Raw data
☆ ☆ ☆ ☆

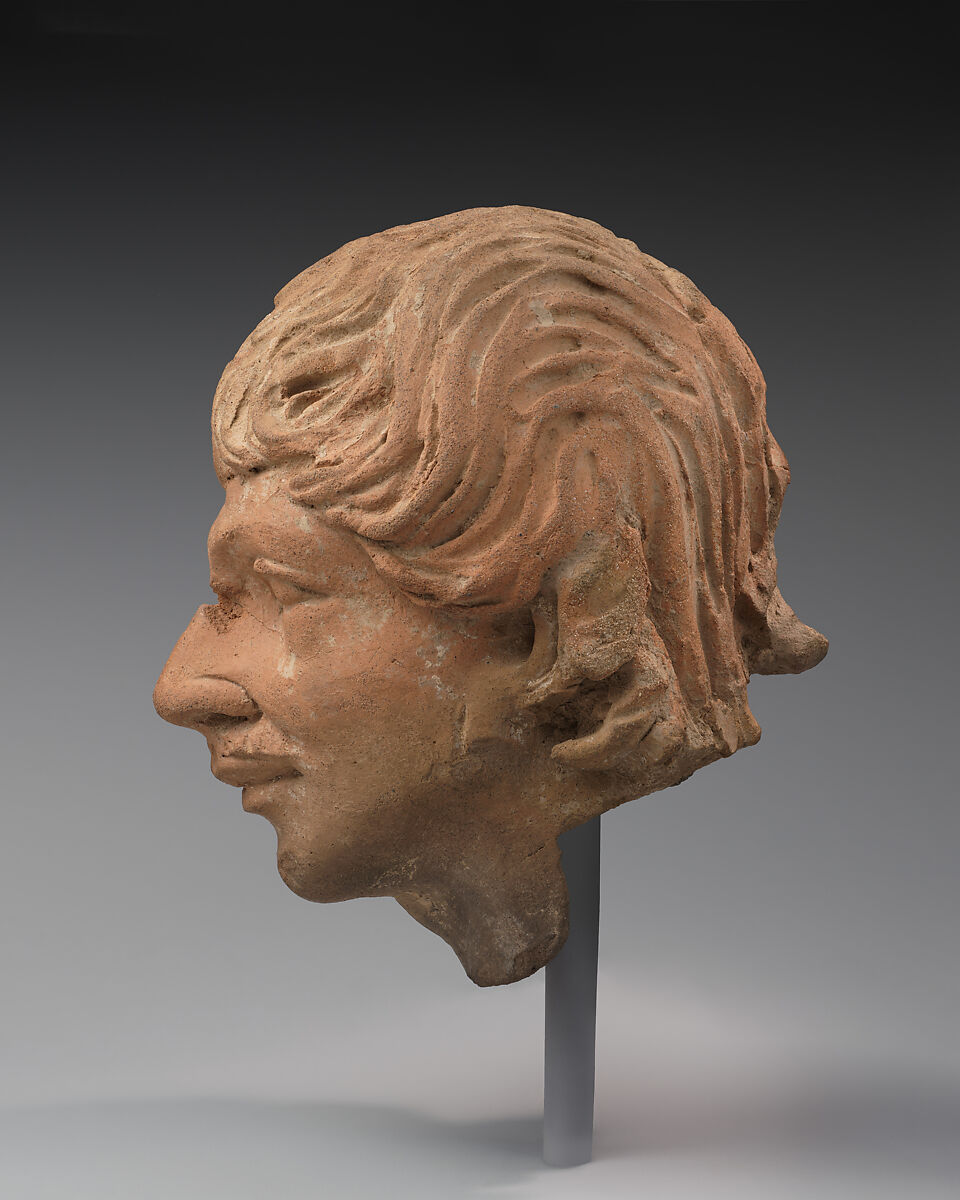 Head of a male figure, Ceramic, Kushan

☆ ☆ ☆ ☆

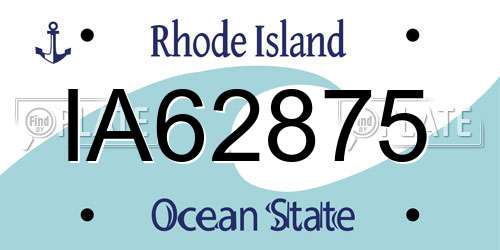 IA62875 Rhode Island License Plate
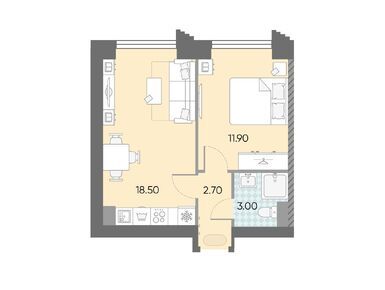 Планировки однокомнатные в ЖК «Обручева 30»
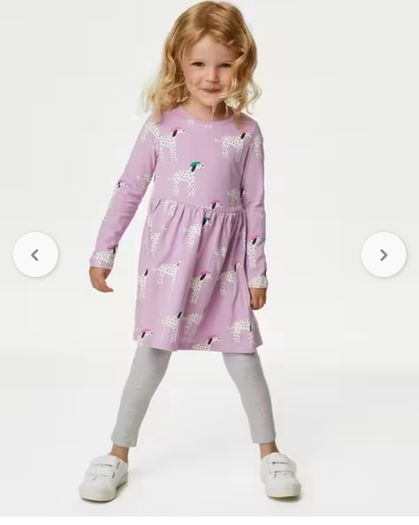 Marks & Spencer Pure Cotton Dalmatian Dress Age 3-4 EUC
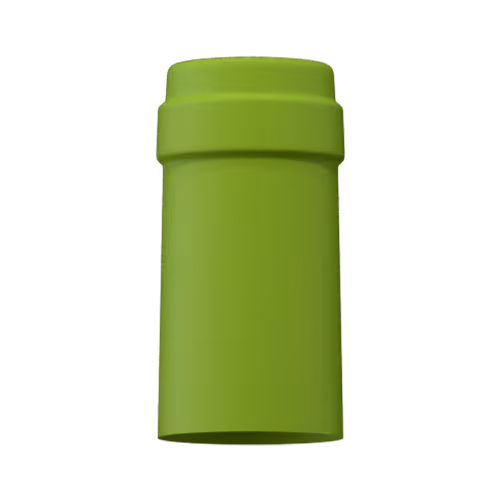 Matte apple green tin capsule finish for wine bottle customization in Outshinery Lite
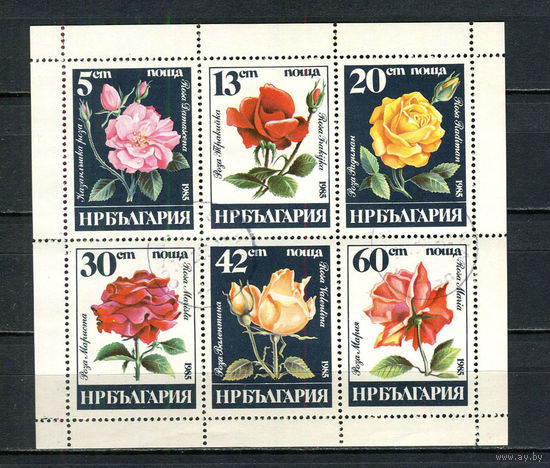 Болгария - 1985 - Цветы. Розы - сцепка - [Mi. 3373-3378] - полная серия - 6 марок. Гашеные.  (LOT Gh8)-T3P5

☆ ☆ ☆ ☆

What to do
Out of the records above, please copy exactly the lines from the line with "Marks & Spencer" up to and including the line with "Болгария - 1985", minus the pictures.

Exercise result
 Marks & Spencer Pure Cotton Dalmatian Dress Age 3-4 EUC
 Matte apple green tin capsule finish for wine bottle customization in Outshinery Lite
 Болгария - 1985 - Цветы. Розы - сцепка - [Mi. 3373-3378] - полная серия - 6 марок. Гашеные.  (LOT Gh8)-T3P5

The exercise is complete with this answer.